In this article, we’ll be highlighting some of those traits so you can start building your own super CEO mindset.
Passion for Your Vision
All great CEOs have a real, tangible passion for their view of the future of their company. They are connected to their mission, to their goals, and to the people around them who can help them achieve their goals.
A good example of this is Elon Musk. Musk is a man famous for investing everything he has in the projects he is passionate about. In an effort to get both SpaceX and Tesla up and running, the South African billionaire famously slept on the floor of his factory and worked around 120 hours a week.
That’s just 80 hours a week more than the maximum recommended for the average worker. Musk doesn’t do this because he needs less sleep than other people, it’s his passion that drives him.
A Willingness to Take Risks
Obviously, when we are talking about risk we don’t mean casual recklessness. No CEO is going to last long in the cutthroat world of Silicon Valley if they take uncalculated risks.
However, tech is a continually evolving world, and those who make it big know they are going to need to take risks on emerging technologies.

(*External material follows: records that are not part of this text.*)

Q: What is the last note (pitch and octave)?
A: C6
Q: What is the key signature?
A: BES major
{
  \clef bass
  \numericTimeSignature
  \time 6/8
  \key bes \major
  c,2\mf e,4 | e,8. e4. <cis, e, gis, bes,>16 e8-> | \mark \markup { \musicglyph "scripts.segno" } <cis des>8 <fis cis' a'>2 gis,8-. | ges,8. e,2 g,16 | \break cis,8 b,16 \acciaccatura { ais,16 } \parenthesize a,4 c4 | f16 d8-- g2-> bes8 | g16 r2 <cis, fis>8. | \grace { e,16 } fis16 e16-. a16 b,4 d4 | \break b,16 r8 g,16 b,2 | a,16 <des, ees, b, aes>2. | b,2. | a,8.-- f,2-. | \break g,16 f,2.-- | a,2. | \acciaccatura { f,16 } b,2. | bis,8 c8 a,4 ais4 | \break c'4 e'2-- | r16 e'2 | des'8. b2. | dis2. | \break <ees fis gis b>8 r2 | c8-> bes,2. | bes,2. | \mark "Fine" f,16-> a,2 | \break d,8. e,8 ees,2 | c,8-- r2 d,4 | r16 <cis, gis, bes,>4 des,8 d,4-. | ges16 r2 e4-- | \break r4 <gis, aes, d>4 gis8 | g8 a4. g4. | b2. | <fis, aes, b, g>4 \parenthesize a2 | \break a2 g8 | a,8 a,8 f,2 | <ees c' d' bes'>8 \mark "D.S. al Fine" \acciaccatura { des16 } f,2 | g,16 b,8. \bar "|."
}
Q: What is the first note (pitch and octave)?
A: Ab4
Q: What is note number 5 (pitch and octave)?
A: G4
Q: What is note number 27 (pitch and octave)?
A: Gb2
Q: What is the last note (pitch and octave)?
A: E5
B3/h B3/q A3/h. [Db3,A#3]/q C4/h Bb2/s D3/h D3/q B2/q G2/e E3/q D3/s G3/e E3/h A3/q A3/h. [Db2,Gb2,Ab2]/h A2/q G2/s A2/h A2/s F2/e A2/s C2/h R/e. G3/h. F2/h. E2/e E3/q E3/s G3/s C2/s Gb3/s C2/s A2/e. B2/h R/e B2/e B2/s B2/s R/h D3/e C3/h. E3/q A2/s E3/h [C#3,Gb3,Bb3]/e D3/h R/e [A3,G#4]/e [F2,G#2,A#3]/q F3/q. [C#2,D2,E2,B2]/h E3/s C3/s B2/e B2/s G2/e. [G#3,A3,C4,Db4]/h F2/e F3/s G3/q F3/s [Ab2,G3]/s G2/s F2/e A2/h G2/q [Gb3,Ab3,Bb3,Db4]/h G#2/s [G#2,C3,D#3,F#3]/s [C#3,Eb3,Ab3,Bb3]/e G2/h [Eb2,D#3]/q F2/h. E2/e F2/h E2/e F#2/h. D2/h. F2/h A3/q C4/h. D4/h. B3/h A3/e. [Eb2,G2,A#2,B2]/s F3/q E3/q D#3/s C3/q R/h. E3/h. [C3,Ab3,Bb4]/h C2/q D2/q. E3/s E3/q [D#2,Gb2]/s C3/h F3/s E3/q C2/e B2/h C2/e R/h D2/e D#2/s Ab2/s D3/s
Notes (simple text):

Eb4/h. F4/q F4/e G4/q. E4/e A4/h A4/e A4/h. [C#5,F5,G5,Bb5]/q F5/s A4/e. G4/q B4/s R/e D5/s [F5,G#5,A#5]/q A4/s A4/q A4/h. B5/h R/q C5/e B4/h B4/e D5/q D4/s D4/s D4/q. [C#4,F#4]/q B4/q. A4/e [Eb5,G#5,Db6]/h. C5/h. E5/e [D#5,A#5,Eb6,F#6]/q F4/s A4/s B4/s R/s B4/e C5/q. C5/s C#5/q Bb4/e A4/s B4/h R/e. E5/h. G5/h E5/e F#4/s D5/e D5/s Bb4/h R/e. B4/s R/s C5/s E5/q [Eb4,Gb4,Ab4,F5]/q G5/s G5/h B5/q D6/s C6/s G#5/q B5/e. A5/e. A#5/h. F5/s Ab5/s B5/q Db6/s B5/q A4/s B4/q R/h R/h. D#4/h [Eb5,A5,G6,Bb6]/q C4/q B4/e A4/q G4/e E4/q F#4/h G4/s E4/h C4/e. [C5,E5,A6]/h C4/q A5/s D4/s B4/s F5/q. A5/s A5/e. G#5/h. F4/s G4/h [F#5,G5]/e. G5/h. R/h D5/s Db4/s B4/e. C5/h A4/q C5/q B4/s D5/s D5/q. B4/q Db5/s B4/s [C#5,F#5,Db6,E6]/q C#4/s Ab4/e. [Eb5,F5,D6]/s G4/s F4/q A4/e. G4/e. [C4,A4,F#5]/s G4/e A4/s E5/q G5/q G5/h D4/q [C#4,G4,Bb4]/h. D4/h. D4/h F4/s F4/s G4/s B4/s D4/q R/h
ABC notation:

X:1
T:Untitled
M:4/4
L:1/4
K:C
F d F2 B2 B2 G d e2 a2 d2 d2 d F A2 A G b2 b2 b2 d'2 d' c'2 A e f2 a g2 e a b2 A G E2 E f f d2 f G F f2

A good example of this is Jason Calacanis. Calacanis is an angel investor and founder of Inside.com. A risk-taker by nature, Calacanis sharpens his eye for a great deal and his ability to negotiate through the love of Poker.
Calacanis has never been shy about his love of the game and even name his recently started investment podcast “All In.”
In interviews, Calacanis has stated repeatedly that the calculated risk-taking of poker feeds into his activities as an angel investor. The boom in the popularity of the game, driven by the surge of cutting-edge new competition types from leading companies like PokerStars, is what prompted him to invest in tech companies like Weblogs, Netscape, and Mahalo.
Describing a leader as a visionary is both a little old hat and does have some negative associations with it. It can sound a little cultish. However, A CEO that can, to some extent, predict the future of the market and his company’s place in it is always going to be of great benefit to that company.
Jeff Bezos is a great example of this. Do you remember when Amazon was just a company that sold books? No, neither do we. Bezos took what was essentially an online bookstore and turned it into a company that earned $280.5 billion in 2019.
The driving force behind that turnaround was Bezos’ vision for the company and his willingness to embrace change and innovation, a situation which continues to this day.
A Lack of Ego
While it is admittedly true that it can be difficult to find a concrete example of a humble CEO, what isn’t hard to find is research backing up the idea that a level of humility is what separates a good CEO from a great CEO.
There are a significant number of studies that have indicated that the two most important traits in a CEO are the passion and drive to always try and push their company forward, and the humility to realize that they can’t do it alone.
Far from being a sign of weakness, humility is, in fact, linked with a whole raft of other desirable leadership qualities, such as sincerity, fairness, and transparency of leadership.